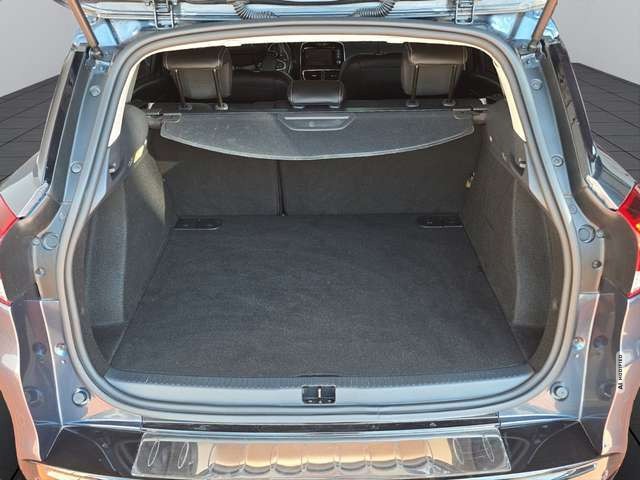 Renault Clio IV Grandtour BOSE Edition *LED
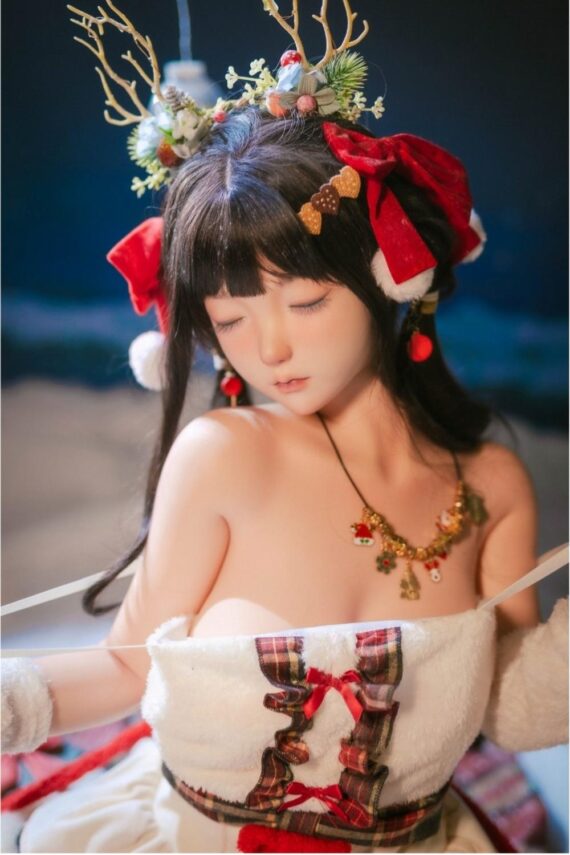 Bruce-Asian-Christmas-Eye-closed-Sex-Doll-148-3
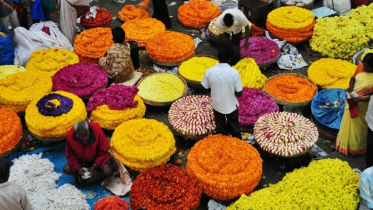 ফুল বাজারে বসন্ত ও ভালোবাসার উত্তাপ 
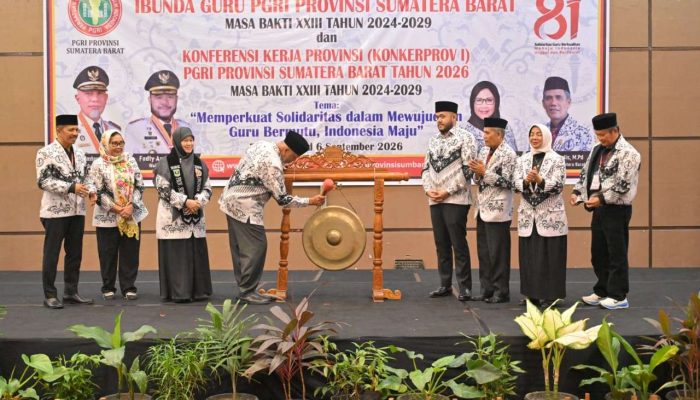 Kukuhkan Ibunda Guru PGRI Sumbar, Mahyeldi Tekankan Kompetensi dan Perlindungan Guru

* [EXERCISE DIRECTIONS]
Repeat the whole of the material above exactly, but keep the pictures out.

* [THE ANSWER]
 Renault Clio IV Grandtour BOSE Edition *LED
 Bruce-Asian-Christmas-Eye-closed-Sex-Doll-148-3
 ফুল বাজারে বসন্ত ও ভালোবাসার উত্তাপ 
 Kukuhkan Ibunda Guru PGRI Sumbar, Mahyeldi Tekankan Kompetensi dan Perlindungan Guru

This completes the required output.